§ DIRECTIONS FOR THIS TASK: Would you copy out only the lines from the one with "B&B La Tana Di Cagliostro 알게로" to the end of the records, exactly as they stand?

-------- DATA FOR REVIEW --------

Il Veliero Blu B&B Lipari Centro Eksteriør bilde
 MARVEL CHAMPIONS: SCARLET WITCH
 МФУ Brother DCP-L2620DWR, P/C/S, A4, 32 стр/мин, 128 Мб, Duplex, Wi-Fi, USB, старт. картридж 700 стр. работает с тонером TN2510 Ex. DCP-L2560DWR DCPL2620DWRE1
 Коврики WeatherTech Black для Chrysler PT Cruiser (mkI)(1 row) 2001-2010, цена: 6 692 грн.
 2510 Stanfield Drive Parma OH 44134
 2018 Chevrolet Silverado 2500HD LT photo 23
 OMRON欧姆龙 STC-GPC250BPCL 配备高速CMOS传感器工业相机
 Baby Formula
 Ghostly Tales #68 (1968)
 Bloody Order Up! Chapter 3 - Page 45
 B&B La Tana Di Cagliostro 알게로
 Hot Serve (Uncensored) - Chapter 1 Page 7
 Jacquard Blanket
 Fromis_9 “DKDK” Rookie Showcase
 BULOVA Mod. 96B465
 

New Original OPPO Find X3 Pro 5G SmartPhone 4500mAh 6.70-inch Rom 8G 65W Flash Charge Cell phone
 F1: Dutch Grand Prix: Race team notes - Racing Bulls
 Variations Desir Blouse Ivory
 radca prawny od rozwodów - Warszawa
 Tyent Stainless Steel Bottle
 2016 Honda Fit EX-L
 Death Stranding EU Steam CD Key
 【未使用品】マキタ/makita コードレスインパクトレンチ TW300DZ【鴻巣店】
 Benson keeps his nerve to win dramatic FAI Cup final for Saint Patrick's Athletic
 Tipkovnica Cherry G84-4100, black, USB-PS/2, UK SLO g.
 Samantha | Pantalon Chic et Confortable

--------

§ SOLUTION TO THIS TASK:
 B&B La Tana Di Cagliostro 알게로
 Hot Serve (Uncensored) - Chapter 1 Page 7
 Jacquard Blanket
 Fromis_9 “DKDK” Rookie Showcase
 BULOVA Mod. 96B465
 

New Original OPPO Find X3 Pro 5G SmartPhone 4500mAh 6.70-inch Rom 8G 65W Flash Charge Cell phone
 F1: Dutch Grand Prix: Race team notes - Racing Bulls
 Variations Desir Blouse Ivory
 radca prawny od rozwodów - Warszawa
 Tyent Stainless Steel Bottle
 2016 Honda Fit EX-L
 Death Stranding EU Steam CD Key
 【未使用品】マキタ/makita コードレスインパクトレンチ TW300DZ【鴻巣店】
 Benson keeps his nerve to win dramatic FAI Cup final for Saint Patrick's Athletic
 Tipkovnica Cherry G84-4100, black, USB-PS/2, UK SLO g.
 Samantha | Pantalon Chic et Confortable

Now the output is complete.